First, is the regulation of BMS marketing. The Code sets out provisions for adoption by WHO member countries into national law, as a minimum requirement for preventing inappropriate marketing (World Health Organization, 1981). Manufacturers and distributors are also requested to monitor their marketing practices and comply with these provisions (World Health Organization, 1981). The latest monitoring report found 136 (70%) of 194 reporting countries had adopted at least some provisions of The Code into national law. However, just 25 (13%) were substantially aligned with The Code, 42 (22%) moderately aligned, 69 (36%) had included at least some provisions, and 58 (30%) had adopted no provisions whatsoever (World Health Organization, UNICEF,, & IBFAN, 2020). Major dairy and baby food producing nations, such as the United States, Australia and New Zealand, have adopted no provisions into law. There are major gaps in coverage. Of countries with legal measures in place, 79 (41%) prohibited promotion in health facilities, 51 (26%) the provision of free or low‐cost supplies, and 19 (10%) health professional or scientific meeting sponsorship; 114 (59%) restricted advertising to the general public, 112 (58%) pictures or text idealizing formula‐feeding, and 50 (26%) nutrition and health claims (World Health Organization et al., 2020). Compliance with The Code is highest in Europe and the Eastern Mediterranean, and lowest in the Western Pacific and Americas (World Health Organization, UNICEF, & IBFAN, 2018).

The World Health Assembly adopted Resolution 69.9 in 2016, welcoming new WHO technical guidance clarifying the definition of BMS covers any milk products marketed for ages 6–36 months, including follow‐up and toddler milks (World Health Organization, 2016).
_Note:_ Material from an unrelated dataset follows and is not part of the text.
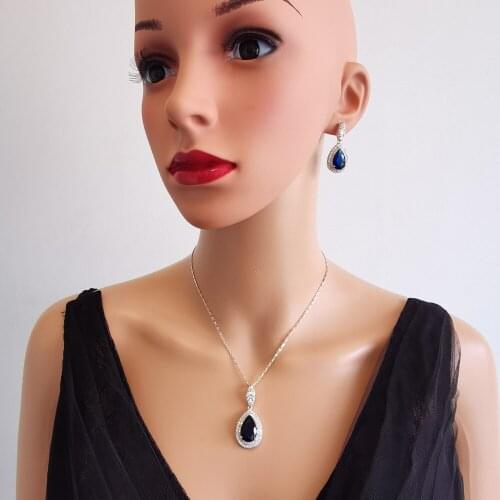 2021 new fashion purple BLUE red GREEN CZ zircon necklace earrings party ball jewelry wedding dressing banquet formal jewelry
As of 2018, however, only 76 countries restricted the marketing of BMS up to or beyond the first year of life, and just 31 covered products up to 36 months of age (World Health Organization et al., 2020). Subsequently, the promotion of follow‐up and toddler milks is allowed in the large majority of countries, and manufacturers have exploited this legislative gap. In Australia, for example, print advertisements for infant formula nearly disappeared in the late 1970s (just prior to adoption of The Code), while those for toddler milks have increased significantly (Smith & Blake, 2013). In the United States, advertising expenditures on toddler milks increased four‐fold between 2006 and 2015, and the sales volume increased 2.6‐fold, while advertising spending and sales of standard formula declined (Choi et al., 2019).

Even where legal restrictions are in place, violations of The Code are common in all country contexts (Changing Markets Foundation, 2017; International Baby Food Action Network & International Code Documentation Center, 2017; Zehner, 2016). Internet marketing channels, including social media, are new areas of non‐compliance (International Baby Food Action Network & International Code Documentation Center, 2017; Save the Children, 2013a). Compliance is undermined by weak or non‐existent monitoring and compliance mechanisms; just 82 (42%) countries with any provisions of The Code in place define sanctions for violators (World Health Organization et al., 2020). Companies such as Danone and Nestlé have policies in place to comply with some provisions of The Code. However, these can be misapplied or ignored by company subsidiaries operating at national and regional levels, where violations are often reported. In terms of the products covered by the companies' own policies, none comply with the WHA Resolution 69.9 product scope of 0–36 months (Access to Nutrition Foundation, 2018).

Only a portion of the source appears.